Scope — what this deep-dive covers and defers

Topic Where it lives
AEVC + avionics blowing + extraction Covered here — AMM 21-26-00 + FCOM DSC-21-30-20
Recirculation fans / valves / filters detail Mixing & Recirculation
Cabin / pack-bay / battery / lav-galley ventilation Other Ventilation Objects
Cargo ventilation Cargo Ventilation
AVNCS VENT field on the ECAM COND page ECAM COND & BLEED
AVNCS SMOKE procedure Smoke & Fumes

References

A330 specifics per FCOM DSC-21-30-20 (the system, the two cabin fans in their two configurations, the recirculation/extract components, the four operating configurations including the DITCHING logic, and the dual-cabin-fan-failure pack backup) and AMM 21-26-00 §1/§2/§3/§6/§7/§8 + §040-801-A (the cooled-equipment list, the nine FINs and four breakers, the blowing sub-system with its four sources and 400 µm filter better than ARINC 600, the extraction sub-system with the three-phase 115/200 V AC one-speed fan and its 155–165 °C thermal cutout / the underfloor + overboard valves / the pressure switch, the duct-type cooling-effect detector with its thermistor + heater and its three outputs to the FWC / AEVC / mechanic-call-horn + AVNCS VENT 9HQ light, the AEVC as a single-channel digital computer with discrete output to the SDACs for class-2 faults and ARINC 429 to the CMC, the four BITE modes and the seven-test energization sequence after a > 5 s power loss, and MMEL 21-26-02 for the overboard extract valve).

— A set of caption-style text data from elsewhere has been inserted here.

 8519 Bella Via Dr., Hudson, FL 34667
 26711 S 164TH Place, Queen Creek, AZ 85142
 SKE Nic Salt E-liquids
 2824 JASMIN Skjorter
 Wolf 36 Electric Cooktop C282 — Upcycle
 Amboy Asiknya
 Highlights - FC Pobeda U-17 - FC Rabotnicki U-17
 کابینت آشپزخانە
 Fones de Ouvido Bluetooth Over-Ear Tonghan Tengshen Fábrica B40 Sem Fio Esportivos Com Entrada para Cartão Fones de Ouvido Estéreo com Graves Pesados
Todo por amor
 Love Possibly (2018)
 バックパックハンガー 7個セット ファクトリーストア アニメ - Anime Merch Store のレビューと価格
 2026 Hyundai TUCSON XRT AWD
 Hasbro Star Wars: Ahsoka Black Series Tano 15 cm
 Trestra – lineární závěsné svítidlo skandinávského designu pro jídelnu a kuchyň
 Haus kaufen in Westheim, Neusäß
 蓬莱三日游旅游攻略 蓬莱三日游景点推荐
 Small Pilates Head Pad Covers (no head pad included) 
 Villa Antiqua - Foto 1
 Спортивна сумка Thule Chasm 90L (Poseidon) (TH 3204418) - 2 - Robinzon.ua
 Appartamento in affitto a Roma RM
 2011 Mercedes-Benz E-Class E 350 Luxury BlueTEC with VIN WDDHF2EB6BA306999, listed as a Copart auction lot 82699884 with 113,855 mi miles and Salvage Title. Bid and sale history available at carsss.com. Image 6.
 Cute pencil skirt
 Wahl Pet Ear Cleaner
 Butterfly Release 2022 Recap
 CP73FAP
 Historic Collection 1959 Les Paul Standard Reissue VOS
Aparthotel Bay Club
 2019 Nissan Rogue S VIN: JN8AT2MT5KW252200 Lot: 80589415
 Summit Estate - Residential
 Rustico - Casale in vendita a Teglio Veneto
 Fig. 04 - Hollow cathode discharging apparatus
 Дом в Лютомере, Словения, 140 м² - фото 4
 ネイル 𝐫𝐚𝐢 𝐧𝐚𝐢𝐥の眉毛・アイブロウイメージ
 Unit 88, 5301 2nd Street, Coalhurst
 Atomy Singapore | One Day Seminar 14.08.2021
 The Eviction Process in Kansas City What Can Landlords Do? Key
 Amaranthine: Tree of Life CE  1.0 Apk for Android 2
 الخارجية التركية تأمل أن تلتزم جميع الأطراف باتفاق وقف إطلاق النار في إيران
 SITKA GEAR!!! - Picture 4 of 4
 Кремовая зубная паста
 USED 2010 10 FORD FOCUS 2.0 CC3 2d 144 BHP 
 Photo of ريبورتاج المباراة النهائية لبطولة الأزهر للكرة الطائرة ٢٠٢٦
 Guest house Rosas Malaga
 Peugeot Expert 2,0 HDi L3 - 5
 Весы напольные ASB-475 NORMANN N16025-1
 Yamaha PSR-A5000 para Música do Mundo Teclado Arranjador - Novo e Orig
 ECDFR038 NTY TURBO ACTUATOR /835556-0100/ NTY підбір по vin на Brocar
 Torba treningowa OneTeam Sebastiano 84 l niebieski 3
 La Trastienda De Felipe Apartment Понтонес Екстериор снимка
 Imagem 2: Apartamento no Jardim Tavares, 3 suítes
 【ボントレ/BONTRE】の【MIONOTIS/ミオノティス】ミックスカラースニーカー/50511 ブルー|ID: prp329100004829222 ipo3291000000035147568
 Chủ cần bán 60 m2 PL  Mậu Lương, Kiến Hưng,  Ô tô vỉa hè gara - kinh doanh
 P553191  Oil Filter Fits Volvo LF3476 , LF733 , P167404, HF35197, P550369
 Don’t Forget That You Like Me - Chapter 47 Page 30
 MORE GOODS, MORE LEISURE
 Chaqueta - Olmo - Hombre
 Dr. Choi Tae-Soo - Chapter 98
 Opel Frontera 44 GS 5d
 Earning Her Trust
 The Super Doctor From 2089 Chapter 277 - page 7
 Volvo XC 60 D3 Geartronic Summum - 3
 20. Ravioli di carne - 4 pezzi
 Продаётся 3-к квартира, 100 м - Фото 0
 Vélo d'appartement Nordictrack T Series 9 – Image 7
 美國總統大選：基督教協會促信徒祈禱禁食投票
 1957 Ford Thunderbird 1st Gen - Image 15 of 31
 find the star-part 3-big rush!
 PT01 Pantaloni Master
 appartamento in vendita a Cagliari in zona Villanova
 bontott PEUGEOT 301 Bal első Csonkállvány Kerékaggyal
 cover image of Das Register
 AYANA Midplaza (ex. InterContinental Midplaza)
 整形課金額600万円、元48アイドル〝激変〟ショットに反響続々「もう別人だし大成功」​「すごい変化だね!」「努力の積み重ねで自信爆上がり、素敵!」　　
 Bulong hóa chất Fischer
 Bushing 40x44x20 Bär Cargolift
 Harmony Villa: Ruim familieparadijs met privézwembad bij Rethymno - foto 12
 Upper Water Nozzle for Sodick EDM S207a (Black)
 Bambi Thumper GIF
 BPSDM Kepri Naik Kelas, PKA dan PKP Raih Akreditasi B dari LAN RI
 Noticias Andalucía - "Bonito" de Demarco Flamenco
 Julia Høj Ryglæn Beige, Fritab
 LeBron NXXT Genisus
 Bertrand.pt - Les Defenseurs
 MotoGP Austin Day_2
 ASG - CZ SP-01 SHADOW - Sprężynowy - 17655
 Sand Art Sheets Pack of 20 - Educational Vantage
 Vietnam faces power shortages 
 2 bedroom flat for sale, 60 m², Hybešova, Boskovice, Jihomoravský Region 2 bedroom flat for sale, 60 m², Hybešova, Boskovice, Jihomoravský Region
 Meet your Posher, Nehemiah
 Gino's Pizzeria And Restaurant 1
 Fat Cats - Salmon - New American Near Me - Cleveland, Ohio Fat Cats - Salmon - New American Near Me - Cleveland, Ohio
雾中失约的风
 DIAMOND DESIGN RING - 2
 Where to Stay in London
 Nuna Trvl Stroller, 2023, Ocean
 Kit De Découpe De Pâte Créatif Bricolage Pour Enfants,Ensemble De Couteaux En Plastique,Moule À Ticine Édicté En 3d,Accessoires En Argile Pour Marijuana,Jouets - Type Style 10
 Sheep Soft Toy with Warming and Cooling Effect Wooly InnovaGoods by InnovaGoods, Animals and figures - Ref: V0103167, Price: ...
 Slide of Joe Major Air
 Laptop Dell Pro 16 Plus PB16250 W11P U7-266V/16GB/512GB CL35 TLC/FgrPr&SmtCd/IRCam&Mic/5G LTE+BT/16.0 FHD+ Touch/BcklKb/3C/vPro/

The single-channel-vs-dual-channel rationale, the DITCHING reverse-logic reasoning, the thermistor/heater physics, the no-ON/OFF "avionics-survival" categorisation, and the fault-class definitions are integrative syntheses. All engineering detail is from the A330 knowledge base; no cross-type comparison is made, and no fleet tail numbers appear.

Independent study material, not an Airbus publication and not endorsed by the manufacturer. Always defer to the current operator FCOM, FCTM, and QRH for operational use.